Medicina s.: denominazione data da
Paracelso alla propria dottrina medica. Nella sua opera
Paragranum (1565)
egli, abbandonando le vecchie dottrine di tradizione ippocratica e quelle
derivate dalla medicina araba che collegavano lo stato di malattia a concetti
metafisici, affermò che le basi della patologia medica dovevano essere
ricercate nelle leggi fisiche e cosmiche e che la natura stessa era in grado di
fornire gli elementi utilizzati per la cura. Paracelso considerava le componenti
comuni ai tre mondi minerale, vegetale e animale, come date dagli elementi
zolfo, mercurio e sale, i quali si ritrovavano nella compagine umana sotto forma
di spirito, anima e corpo. Lo stato di malattia era, in questo senso, dato da un
accumulo di impurità incompatibili con gli elementi primari e la cura
doveva perciò essere rivolta allo scopo di separare il puro dall'impuro.
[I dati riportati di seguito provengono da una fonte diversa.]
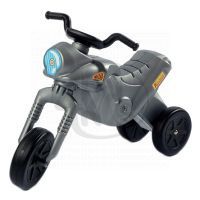 Odrážedlo motorka Enduro menší 4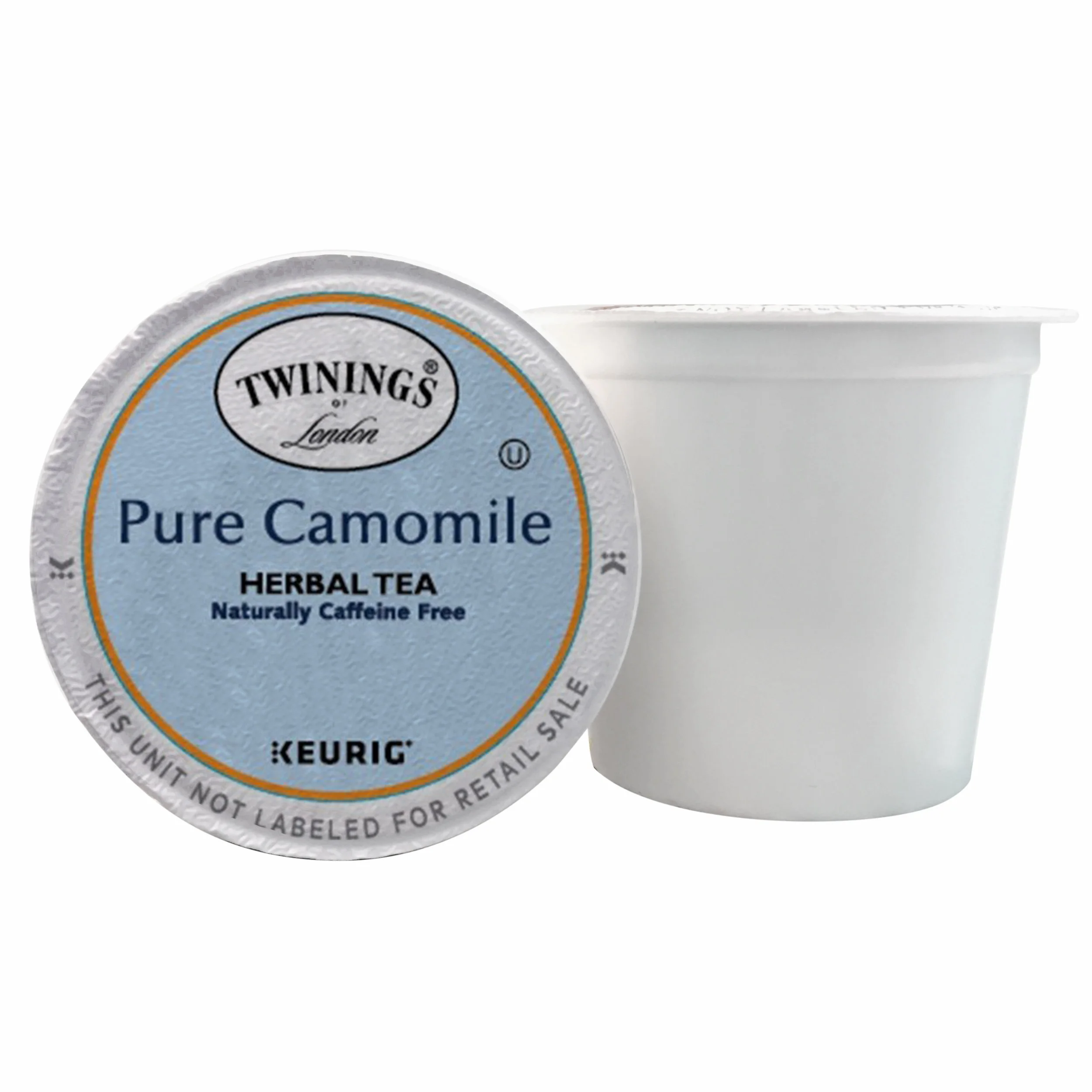 chamomile tea.jpg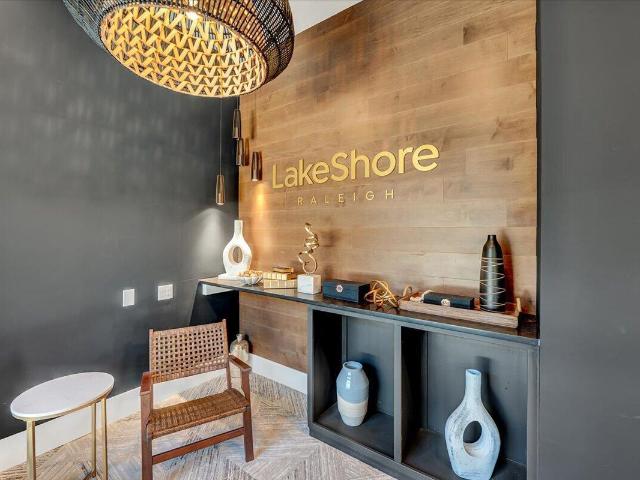 Condo for sale in Wake, North Carolina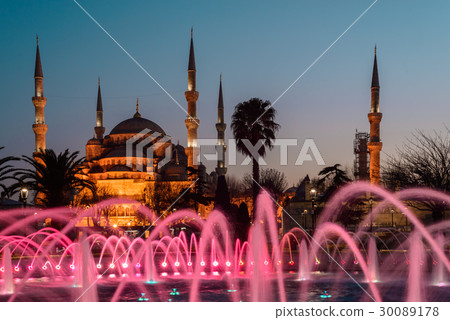 sultanahmet 30089178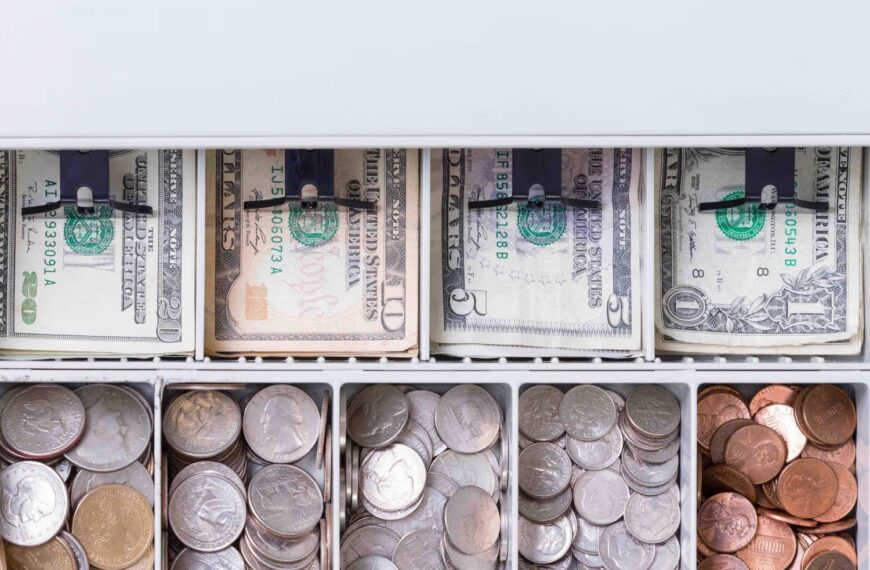 Messari Claims XRP Gets Another DeFi Boost Thanks to Flare's FAssets and FXRP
A tal fine vennero utilizzate sostanze naturali che, nell'intento di depurare
l'organismo, svolgevano un'azione purgativa, revulsiva, emetica, diuretica e
diaforetica. La medicina
s. servì da punto di partenza per quella
che sarebbe stata la
iatrochimica (V.), la
chimica medica, soprattutto nell'introduzione di preparati farmacologici sotto
forma di alcoliti, estratti, tinture. Tra gli esponenti della nuova scienza ci
furono l'inglese R. Fludd, il belga J.B. Van Helmont, i tedeschi F. de la
Böe e A. Libavius, il polacco M. Sinapio e l'italiano L. Fioravanti.